23/09/2009

Fuga fugaz

Contar uma fuga levou-o, pobre dele, a dirimir sobre o ponto de partida, não propriamente da ou para a fuga, mas para a escrita dela, que tanto podia ser para uma determinada fuga, em concreto, ou para uma qualquer fuga.
Preferiu esta última, incerta, imprecisa, e por isso ilimitada e para ele mais mansa e livre, como devem ser todas as fugas.
Um destes dias, de pena em punho, decidido como quem entra na liça, arriscou uma aventura, e escreveu de olhos cerrados:

Fica comigo, deixa que as palavras te seduzam, e encostados um ao outro admiremos o rio, de mãos desenlaçadas, como na ode do poeta. E descansados de estarmos, que o tempo nos invada e nos enleve. Em breve, verás, seremos longe, como quem se abandona sem querer ou sem saber que o quer. Partamos!

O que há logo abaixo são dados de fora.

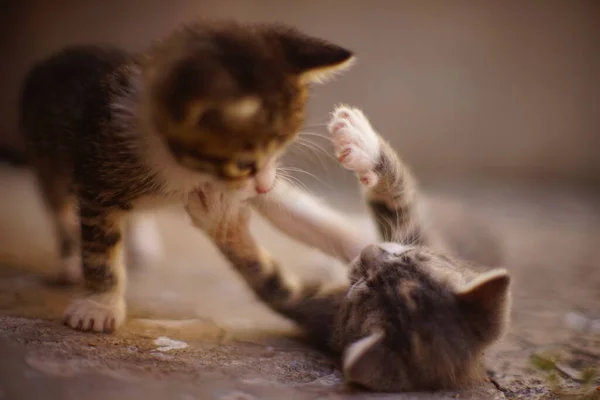 Twee Schattige Kittens Worden Gespeeld Stenen Vloer Buiten — Stockfoto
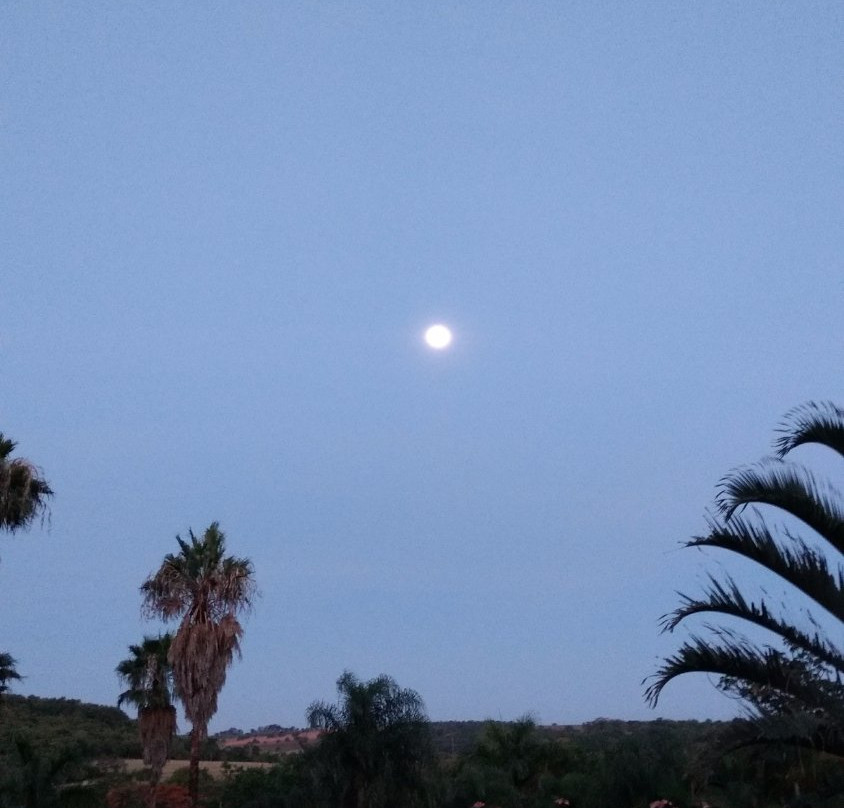 Pousada Novo Alvorecer主图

Depois, triste e desenganado, dobrou em quatro o branco que lhe sobrou da vigília, e adormeceu.

4 comentários:

Nuno Baptista Coelho disse...

Escrevi mentalmente um longo comentário enquanto lia o texto. Quando por fim li “Depois, triste e desenganado, dobrou em quatro o branco que lhe sobrou da vigília, e adormeceu”, deixei subitamente de ter comentários, e mentalmente fiz Delete.

Gostaria de ter escrito tal frase, e poderia decerto subscrevê-la por inteiro, mas não deixaria de me assolar o receio de ter deixado ali a melhor frase da minha vida, sujeitando assim qualquer produção futura a um crivo impossivelmente exigente. Tanta coisa, e dita em tão poucas palavras…

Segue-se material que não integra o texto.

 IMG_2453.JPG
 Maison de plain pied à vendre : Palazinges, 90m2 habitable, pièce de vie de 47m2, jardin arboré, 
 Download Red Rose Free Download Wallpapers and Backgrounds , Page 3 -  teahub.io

Quanto ao resto, a escolha é inatacável: o Ricardo Reis assumiu-se nesse poema como o perfeito mestre da fuga, seguindo o indiscutível princípio que postula que a melhor forma de fugir de algum sítio é começar por não estar lá. Não responde no entanto a tudo, e deixa por abordar o problema que é fugir, quando se está de facto lá. Mas não deixa de ser um excelente princípio.

O “Partamos!” que remata o texto dentro do texto deixa ainda uma ambiguidade, havendo como há os que partem juntos, e os que partem cada um para seu lado. É que são coisas diferentes.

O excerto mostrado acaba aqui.